** Aim of the task **
Print the listing below exactly, minus its pictures.

** Recorded data **
☆ ☆ ☆ ☆ ☆ ☆ ☆

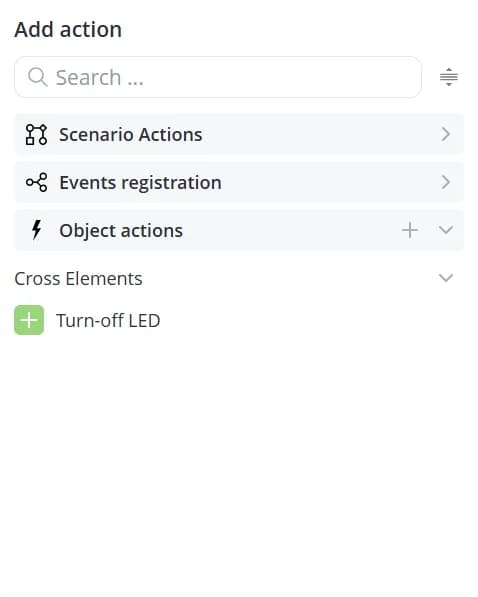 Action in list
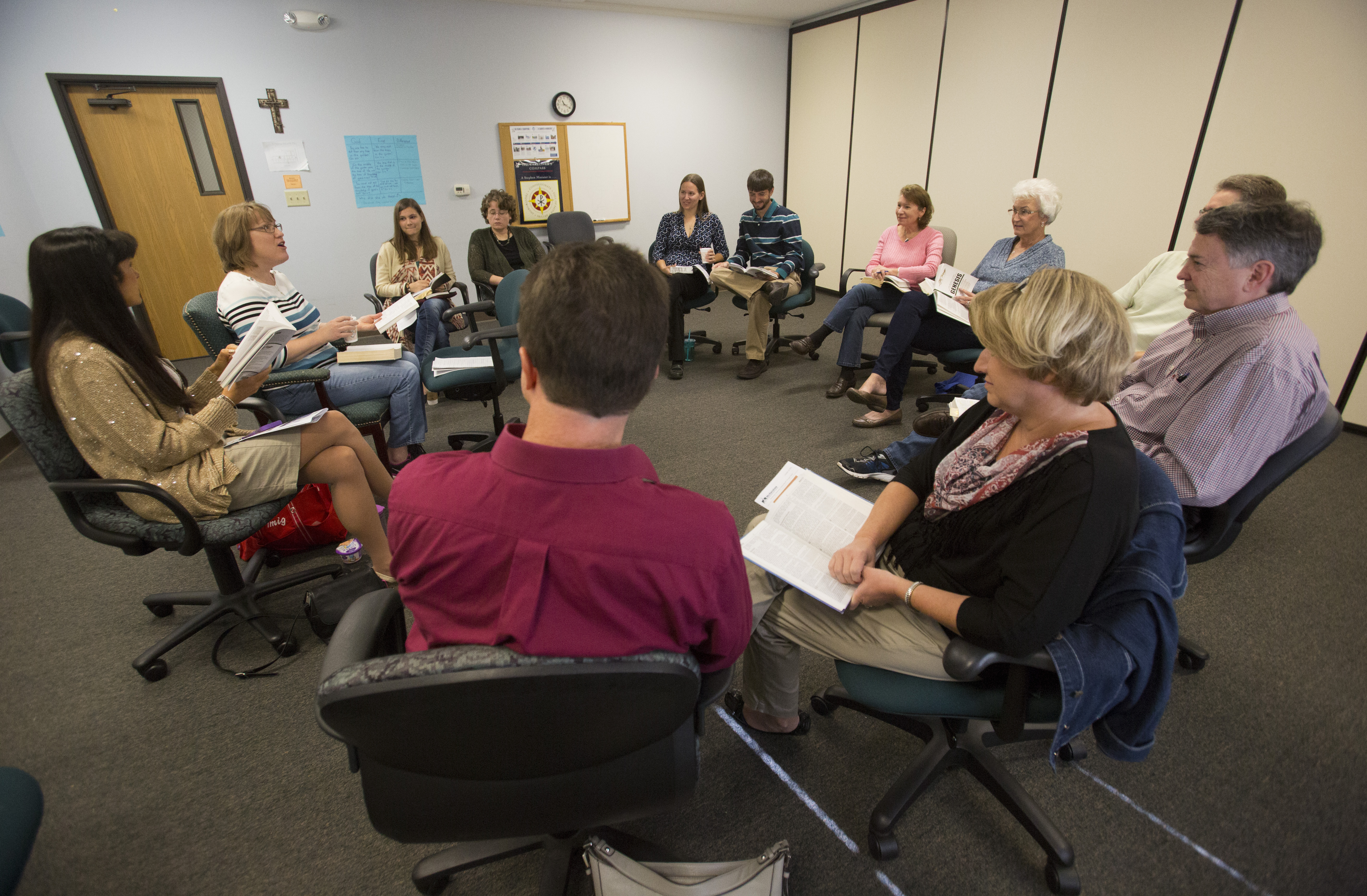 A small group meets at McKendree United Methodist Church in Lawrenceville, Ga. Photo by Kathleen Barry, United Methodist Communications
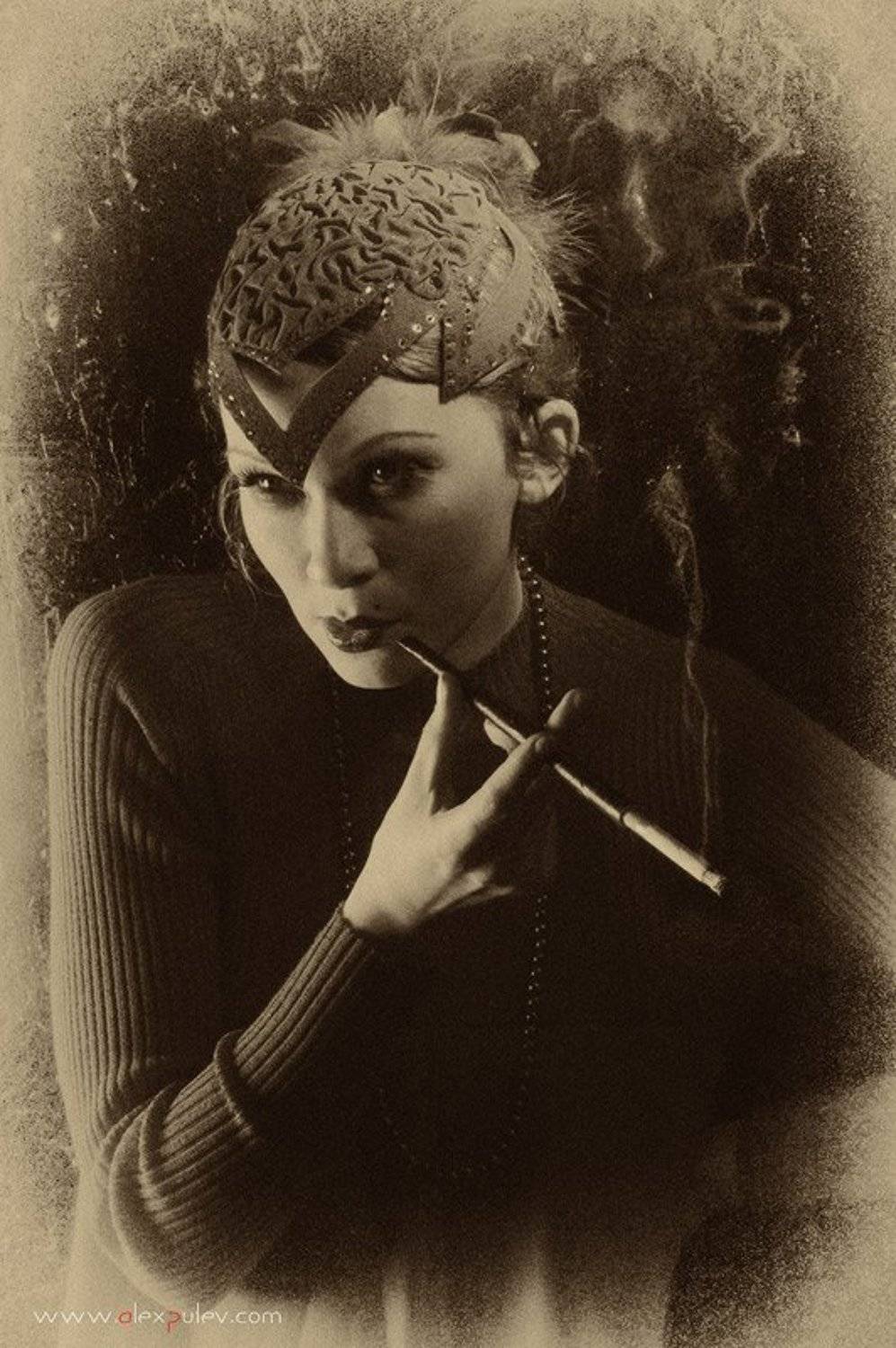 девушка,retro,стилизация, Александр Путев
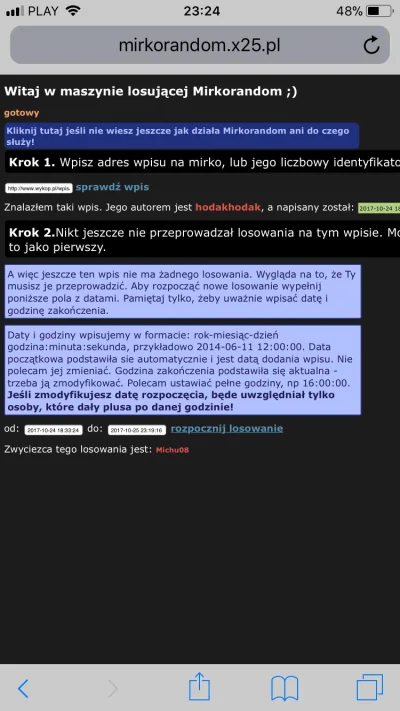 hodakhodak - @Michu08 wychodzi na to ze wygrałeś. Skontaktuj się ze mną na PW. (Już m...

☆ ☆ ☆ ☆ ☆ ☆ ☆

** Expected answer **
 Action in list
 A small group meets at McKendree United Methodist Church in Lawrenceville, Ga. Photo by Kathleen Barry, United Methodist Communications
 девушка,retro,стилизация, Александр Путев
 hodakhodak - @Michu08 wychodzi na to ze wygrałeś. Skontaktuj się ze mną na PW. (Już m...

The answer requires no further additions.